O resultado é que se passa a compreender o bom funcionamento do serviço como o bom cumprimento das metas quantitativas, dos procedimentos e dos fluxos, deixando seu caráter clínico em segundo plano. Neste contexto, os diversos saberes que compõem a equipe multiprofissional são incapazes de decidir sobre a política do serviço e funcionam apenas como insígnias de saber, submetidos a um poder burocrático superior. Resumidamente, poderíamos dizer que a vontade de excelência do serviço é deslocada para a vontade de parecer um serviço muito bom aos olhos da cúpula superior da OS e dos demais mecanismos de avaliação.

Estão em foco, portanto, as vicissitudes do casamento do saber médico com a burocratização do atendimento à Saúde Mental. Embora o tratamento da psicose tenha avançado bastante nas últimas décadas, inclusive pelo desenvolvimento de novas medicações, o monopólio de um saber em um cotidiano excessivamente administrado dificulta a emergência da singularidade e a constituição de uma identidade. Para isso, seria preciso um setting simultaneamente constante e flexível e intervenções que considerassem a complexidade de sua situação.

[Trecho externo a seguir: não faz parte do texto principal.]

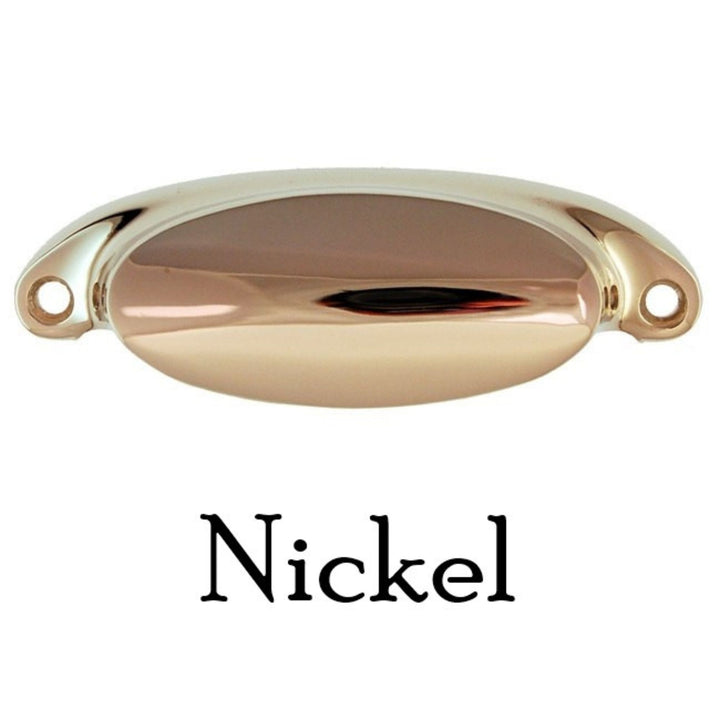 Classic Bin Pull Solid Brass with Elegant Rounded Design Available in 4 Finishes Includes Mounting Hardware Cabinet Hardware Restoration Supplies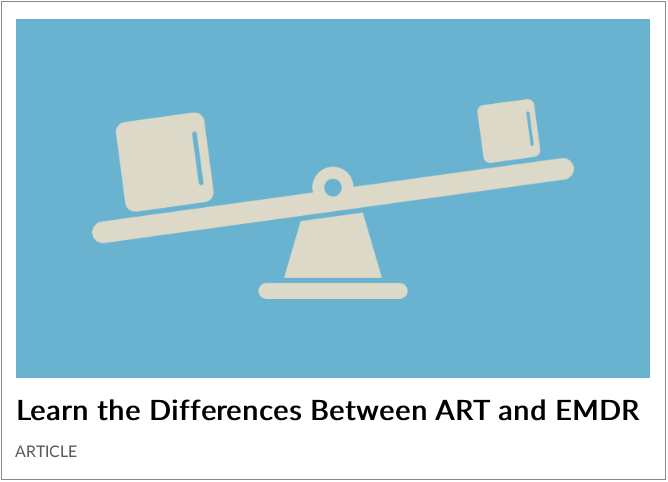 Learn the differences between ART and EMDR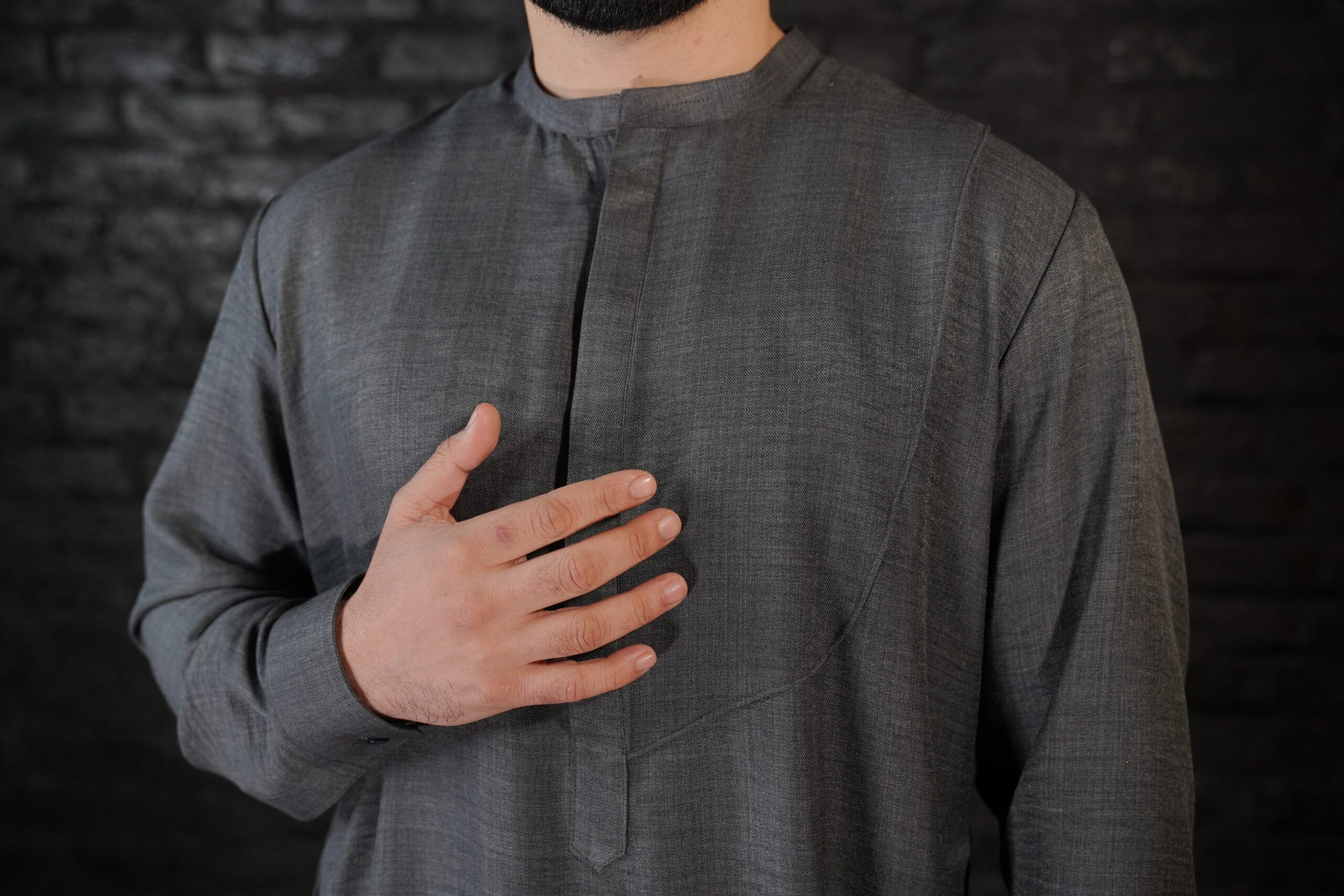 Grey  Kurta Pants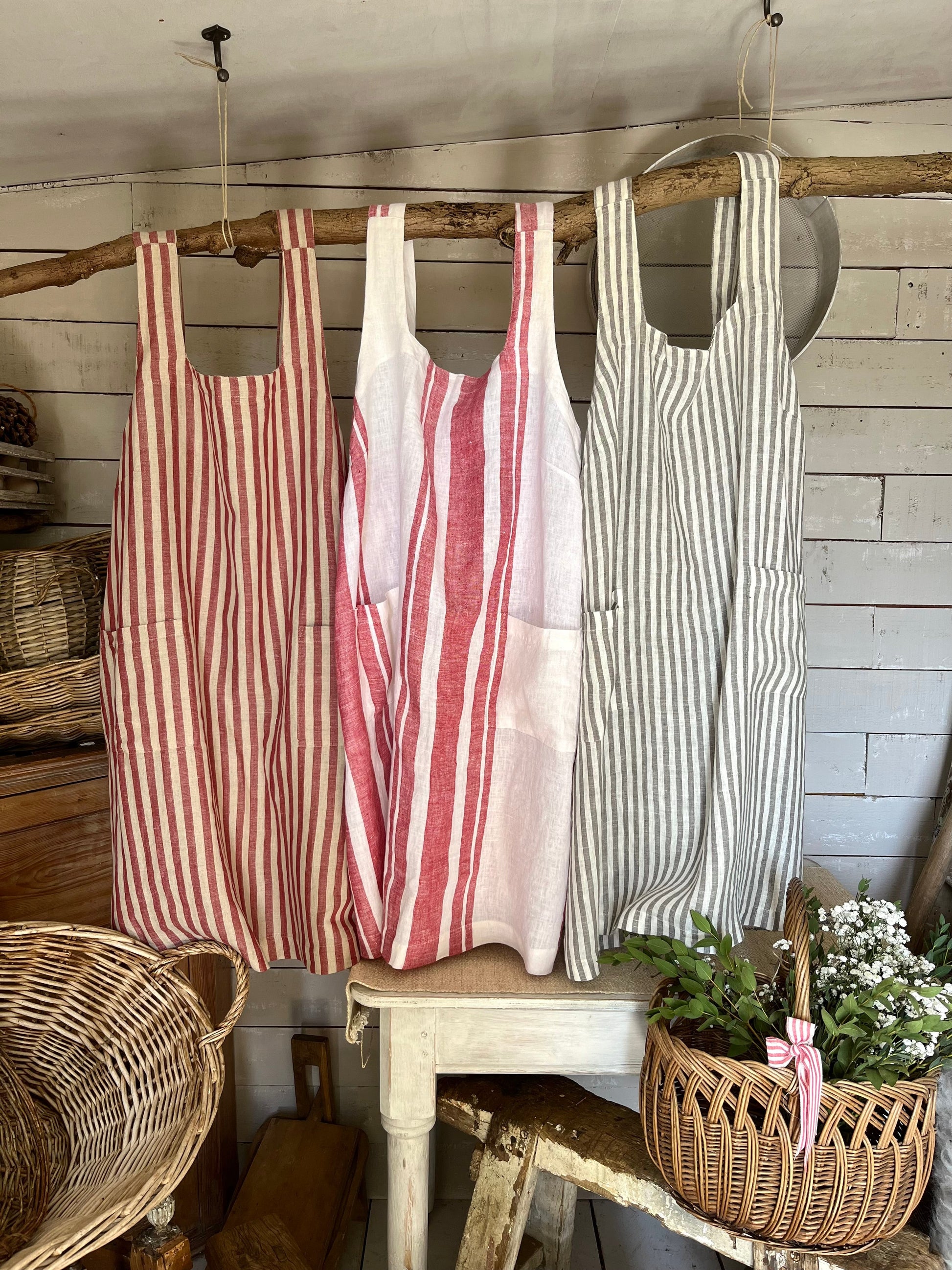 Natural Linen Apron Handmade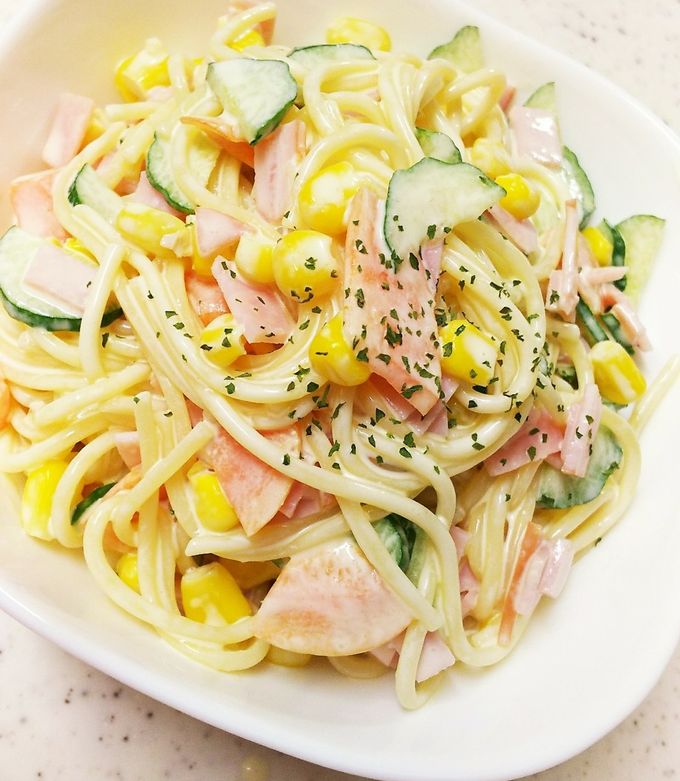 めんつゆが決め手☆サラスパ-レシピのメイン写真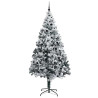 Árbol de Navidad artificial con 300 LED Verde 240 x 150 cm 4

No caso dos pacientes histéricos mais graves, cuja sintomatologia é associada à bipolaridade, ao transtorno borderline ou até, como prefiro, à loucura histérica, essa questão é ainda mais delicada. A questão é mais delicada porque, diante de um saber que se coloca como absoluto, o discurso histérico assumirá um posicionamento ambíguo: fará forte laço com esse saber, elegendo-o prematuramente como seu salvador, mas também vai precisar frustrá-lo, escancarar sua surdez e mostrar a todos que se trata de um saber incompleto. A forma de denunciar essa surdez será, por excelência, a atuação (acting out). Em outras situações, as atuações poderiam ser ouvidas como críticas ao modo de tratamento, possibilitando o questionamento da estratégia utilizada. Contudo, em um ambiente que prima pela observação dos fluxos e a tranquilidade de seu cotidiano e que deve sempre dar provas de seu “saber fazer”, as atuações não terão guarida. A reação da equipe técnica está nos bordões bem conhecidos de todos que trabalham nessas instituições: “ele está usando o serviço como palco”, “está querendo manipular, chamar a atenção”, “precisamos dar limites”. Impossibilitado de expressar sua condição subjetiva, a reação do histérico poderá ser a passagem ao ato, o que dará oportunidade ao serviço de excluí-lo, a chamada “alta administrativa”.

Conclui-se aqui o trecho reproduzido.